▶ YOUR ASSIGNMENT: Nothing but the lines from the one containing "海外「オランダ人って本当にニシンを生で食べてるの？」" through the last line of the material should appear in the answer, transcribed exactly, pictures excluded.

▶ GIVEN INFORMATION:
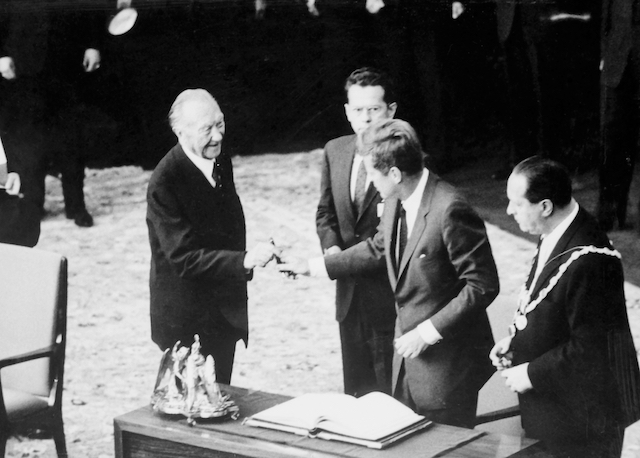 ภาพ Adenauer และ Kennedy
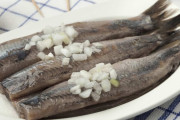 海外「オランダ人って本当にニシンを生で食べてるの？」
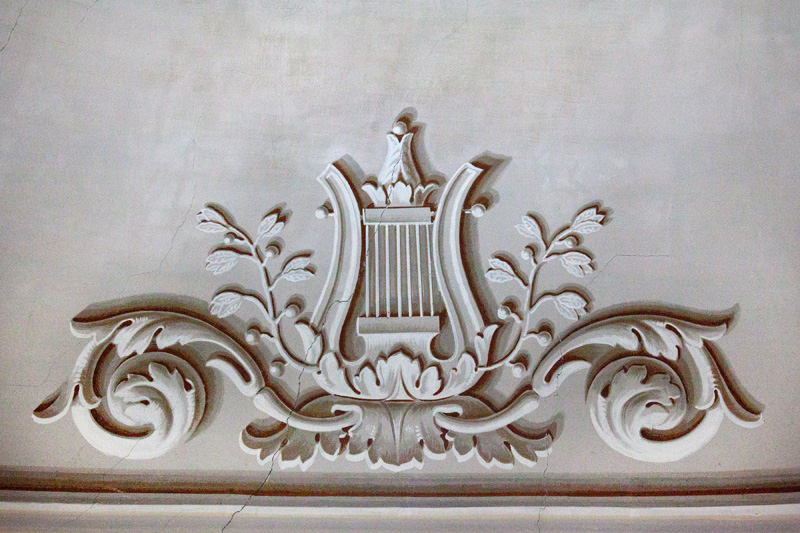 Detail of the decorative lyre with scroll leaf forms in the Narthex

▶ WRITTEN ANSWER:
 海外「オランダ人って本当にニシンを生で食べてるの？」
 Detail of the decorative lyre with scroll leaf forms in the Narthex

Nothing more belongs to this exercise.